16 Nisan referandumu sürecinde Türk bakanların Avrupa’da yaşayan gurbetçilerle buluşmalarının engellenmesiyle Ankara-Brüksel hattında gerilen ilişkilere ilişkin tartışma yaratacak bir iddia ortaya atıldı. Alman Die Welt gazetesi, 28-29 Nisan’da AB Dışişleri Bakanları toplantısının gündem maddeleri arasında Avrupa Birliği ile Türkiye arasında 2005 yılından bu tarafa sürdürülen üyelik müzakerelerinin durdurulmasının da bulunduğunu iddia etti.
Gazete, bir üst düzey AB diplomatının "AB Dışişleri Bakanları, konuyu önümüzdeki hafta Malta’da yapacakları toplantıda gündemlerine alacak ve AB Komisyonu’na, Ankara’nın müzakere kurallarını ihlal edip etmediğini ve bu doğrultuda görüşmelerin askıya alınıp alınmaması gerektiğini araştırmasını isteyecek” dediğini aktardı. Gazeteye göre, diplomatik çevrelerde AB Komisyonu’nun “Türkiye’de insan hakları, özgürlük ve demokrasi ilkelerinin ciddi ve sürekli ihlal edildiği” iddiasıyla 2005 yılında kabul edilen müzakere zaptının 5. maddesi uyarınca görüşmeleri belirli bir süreliğine durduracağı beklentileri hakim. 5. maddeye dayanarak müzakerelerin durdurulmasına 28 üye ülkenin tamamının değil, AB nüfusunun yüzde 65’ini temsil eden 16 üye devletin onay vermesinin yeterli olacağı belirtiliyor.
Avrupa Konseyi Parlamenterler Meclisi Hristiyan Demokratlar Grubu Başkanı Axel Fischer ise Welt gazetesine yaptığı açıklamada Türkiye’nin yeniden izlemeye alınmasını beklediğini söyledi. Fischer “Muhtemelen 25 Nisan’da Türkiye’deki insan hakları ve demokrasinin durumunun Avrupa Konseyi tarafından izlemeye alınmasını kararlaştıracağız. Ben, bu konuda Parlamenterler Meclisi’nde çoğunluk çıkacağını bekliyorum" iddiasında bulundu. 1996-2004 yılları arasında izlenen Türkiye, Avrupa Konseyi Parlamenterler Meclisi’nin 2004 yılında aldığı kararla izlenen ülke statüsünden çıkartılmıştı. Bunun sonucunda ise 2005 yılında üyelik görüşmeleri yeniden başlatılmıştı.

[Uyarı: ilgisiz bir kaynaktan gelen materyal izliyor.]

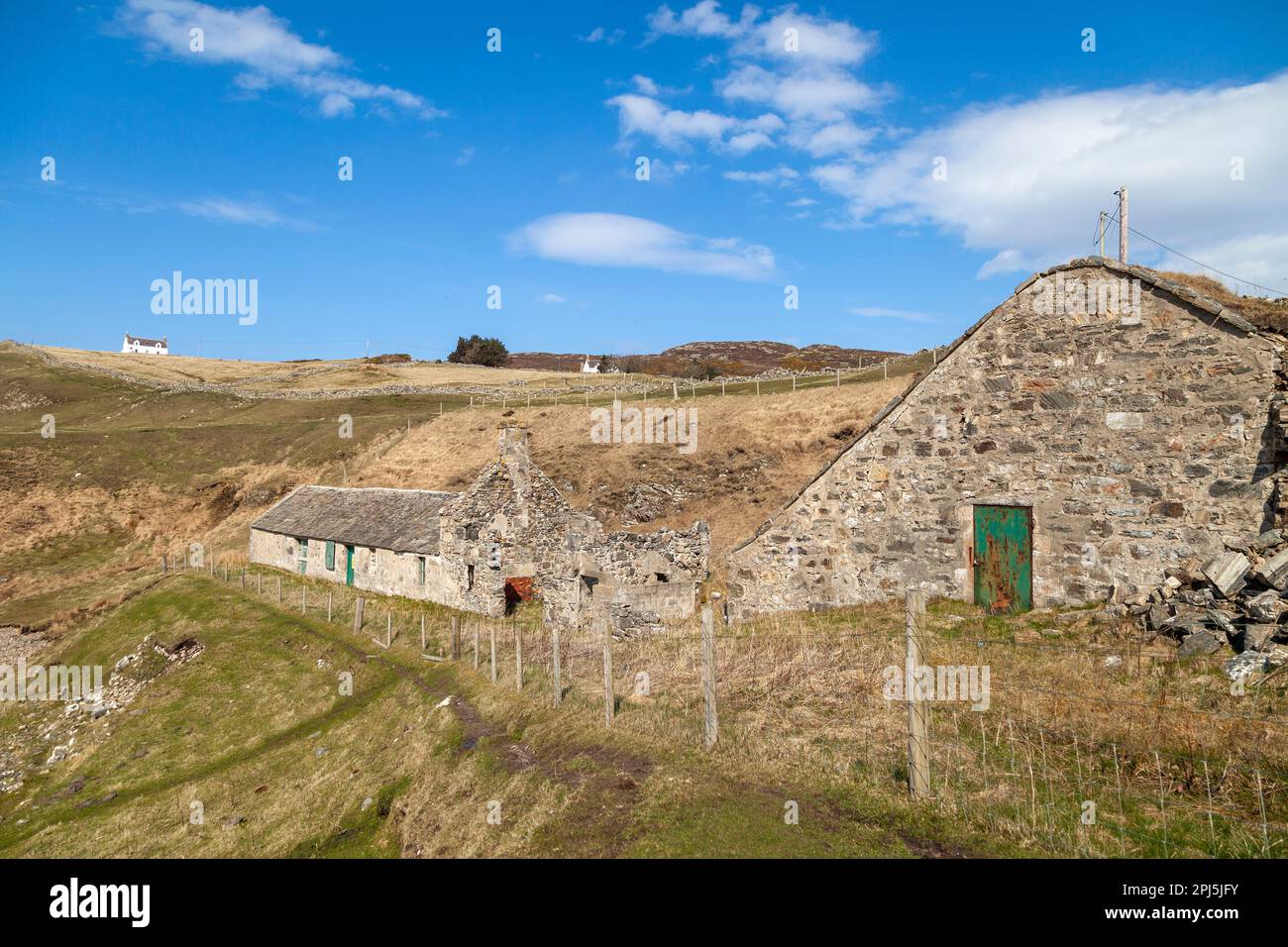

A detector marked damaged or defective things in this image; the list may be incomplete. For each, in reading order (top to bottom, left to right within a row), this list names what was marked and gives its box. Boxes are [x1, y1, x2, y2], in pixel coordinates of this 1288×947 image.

rusty green metal door [967, 503, 1030, 614]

Die Welt gazetesinin ‘Türkiye ile müzakerelerin durdurulmasının ele alınacağı’ yönündeki iddiasının ardından Almanya Dışişleri Bakanı Gabriel’den ‘İlişkiler sürmeli’ çıkışı geldi. Gabriel, Türkiye ile AB arasındaki müzakerelere son verilmesine karşı olduğunu söyledi. Diyaloğu sürdürmekten yana olduğunu kaydeden Gabriel, alınacak ‘yanlış kararlar’ konusunda uyarılarda bulunurken “Ancak Avrupa’dan daha da uzaklaşma konusundaki kararı Türkiye’nin vereceğini” belirtti.